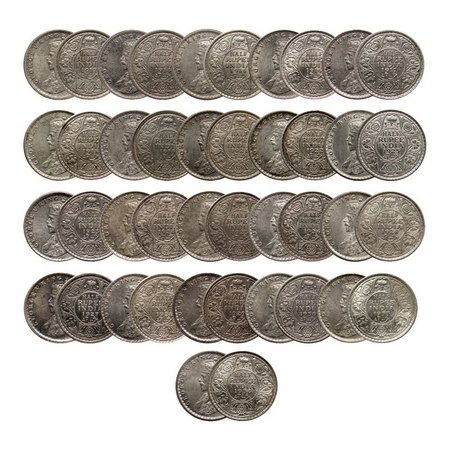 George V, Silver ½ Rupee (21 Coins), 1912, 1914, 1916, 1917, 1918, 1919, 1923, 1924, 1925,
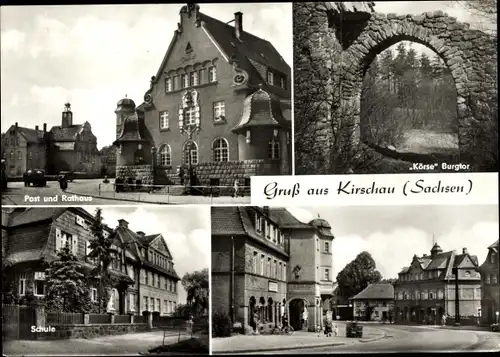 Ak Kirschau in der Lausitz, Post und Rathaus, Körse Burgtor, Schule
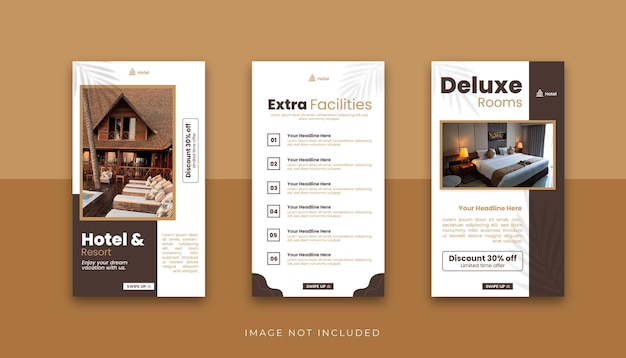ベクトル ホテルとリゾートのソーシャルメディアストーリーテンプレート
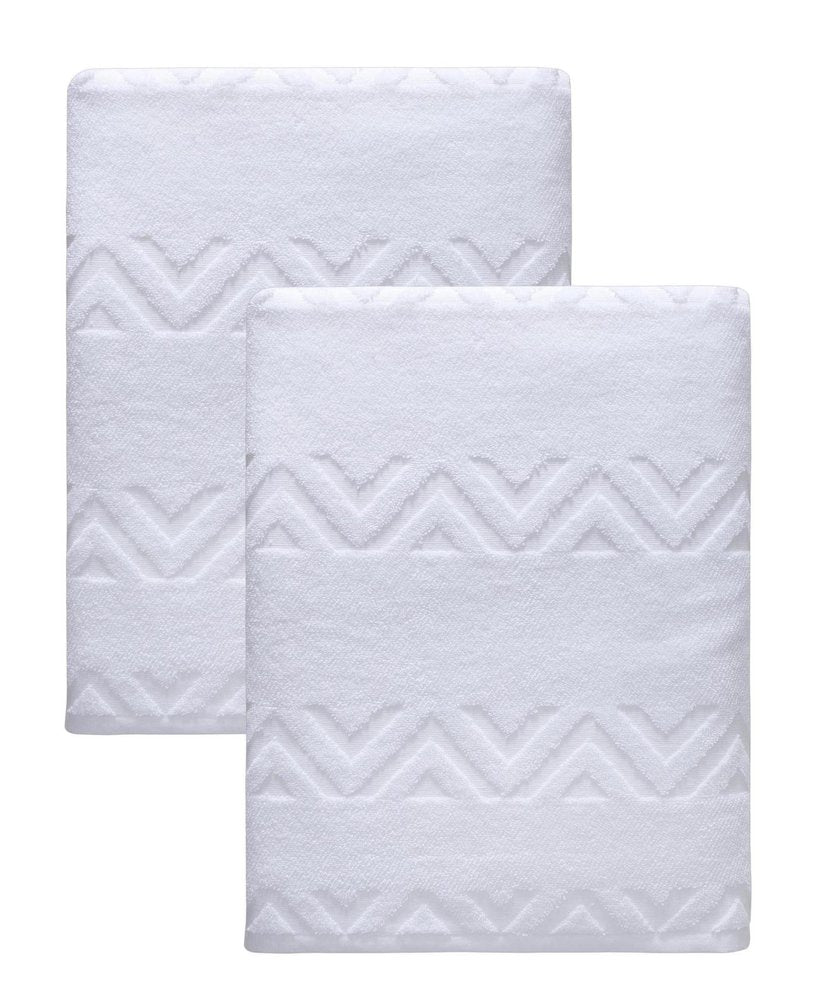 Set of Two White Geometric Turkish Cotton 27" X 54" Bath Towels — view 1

******

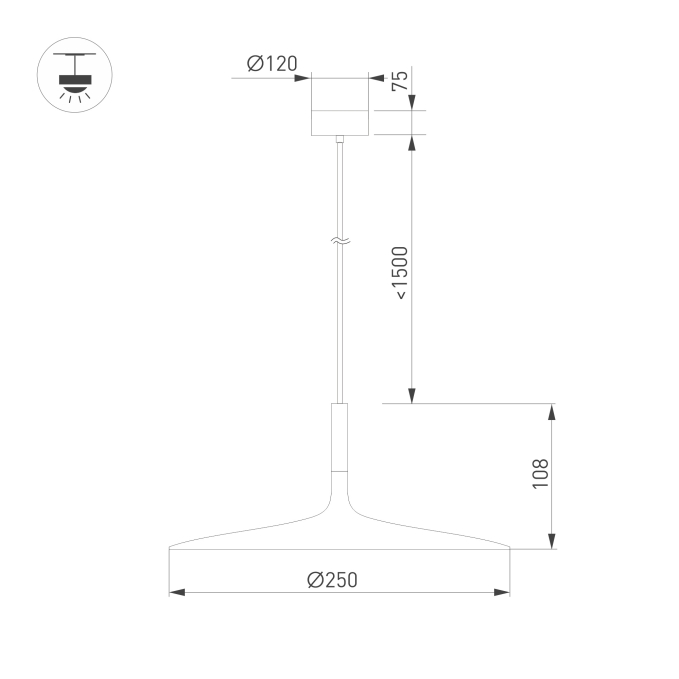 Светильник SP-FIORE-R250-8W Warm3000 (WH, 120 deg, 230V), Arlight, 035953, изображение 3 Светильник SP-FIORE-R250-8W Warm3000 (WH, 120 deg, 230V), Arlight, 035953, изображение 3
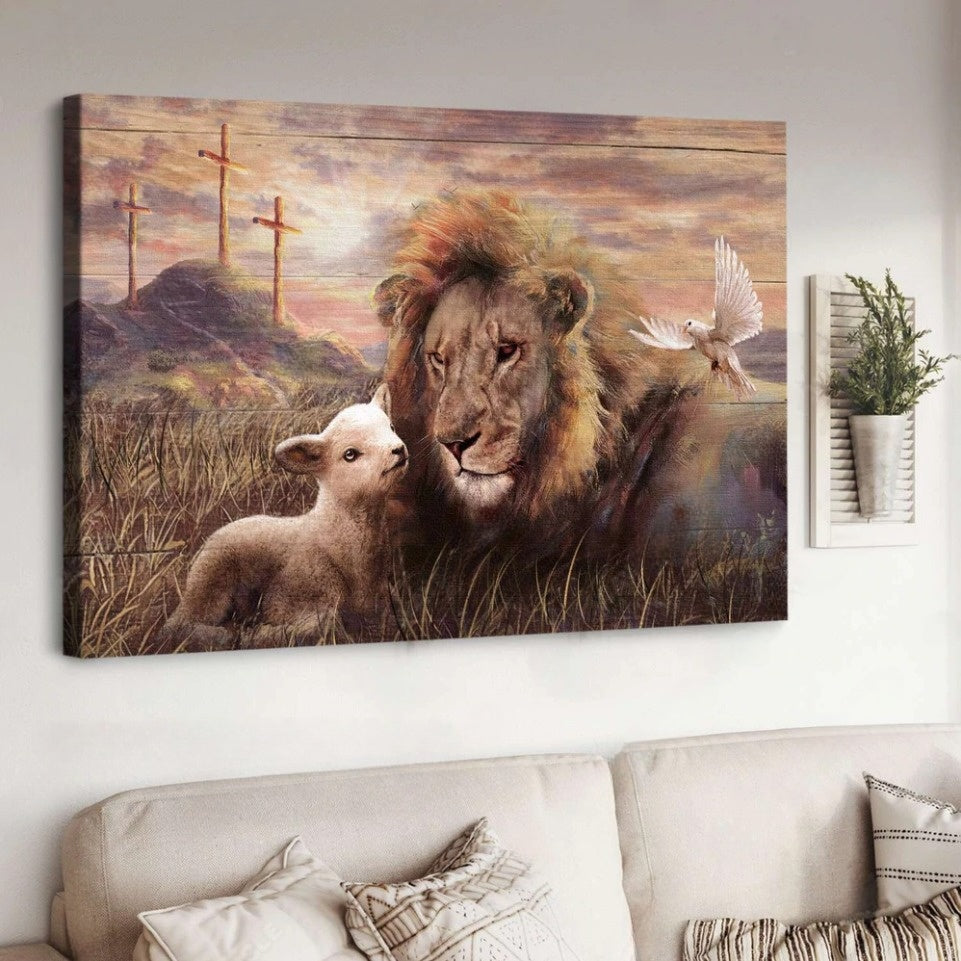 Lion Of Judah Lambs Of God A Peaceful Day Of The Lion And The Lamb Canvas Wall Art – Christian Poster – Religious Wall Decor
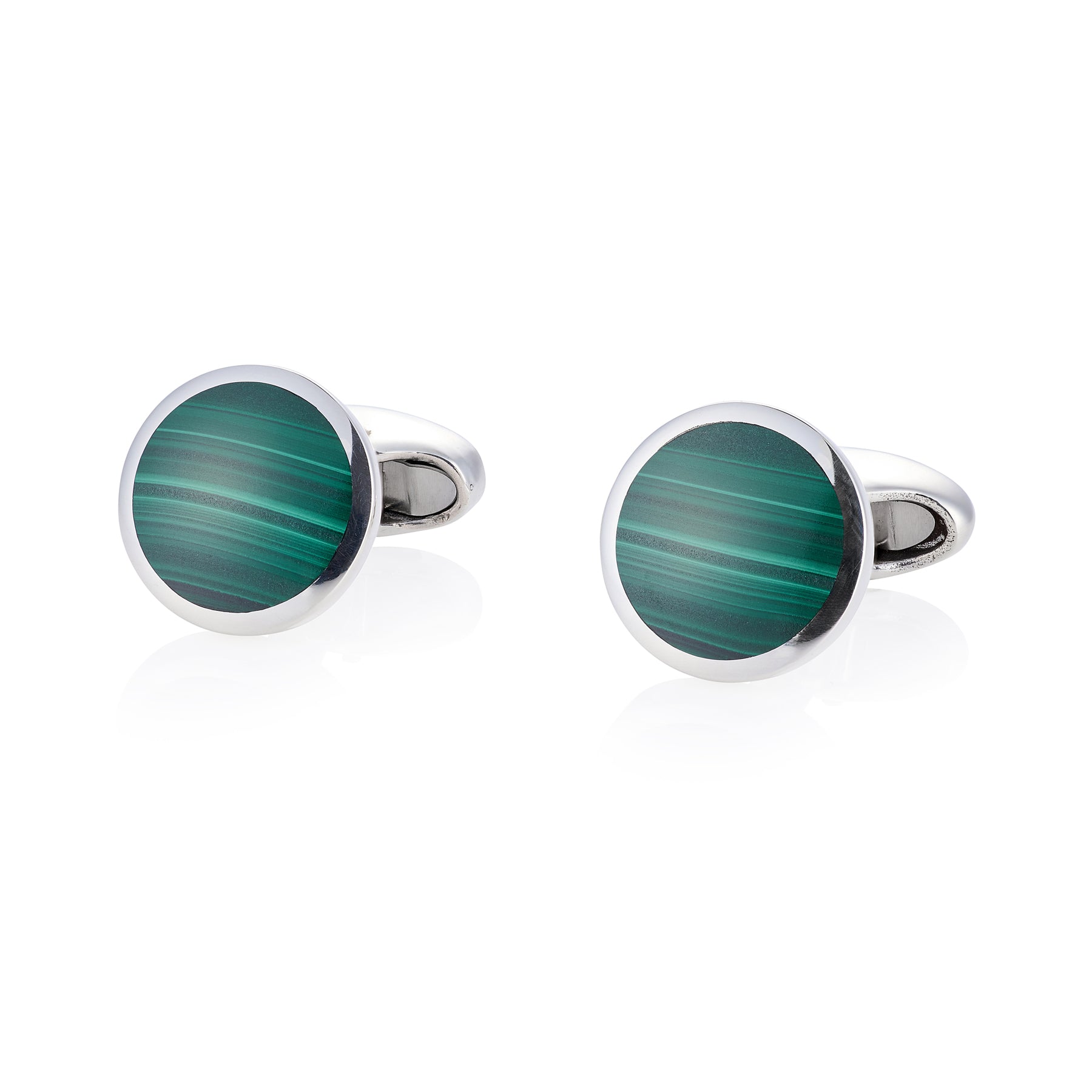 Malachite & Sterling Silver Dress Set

******

Could you output exactly the lines above, from the line with "изображение 3 Светильник" up to and including the line with "Malachite & Sterling Silver Dress Set", and nothing else, skipping the pictures?

*EXERCISE OUTPUT*:
 Светильник SP-FIORE-R250-8W Warm3000 (WH, 120 deg, 230V), Arlight, 035953, изображение 3 Светильник SP-FIORE-R250-8W Warm3000 (WH, 120 deg, 230V), Arlight, 035953, изображение 3
 Lion Of Judah Lambs Of God A Peaceful Day Of The Lion And The Lamb Canvas Wall Art – Christian Poster – Religious Wall Decor
 Malachite & Sterling Silver Dress Set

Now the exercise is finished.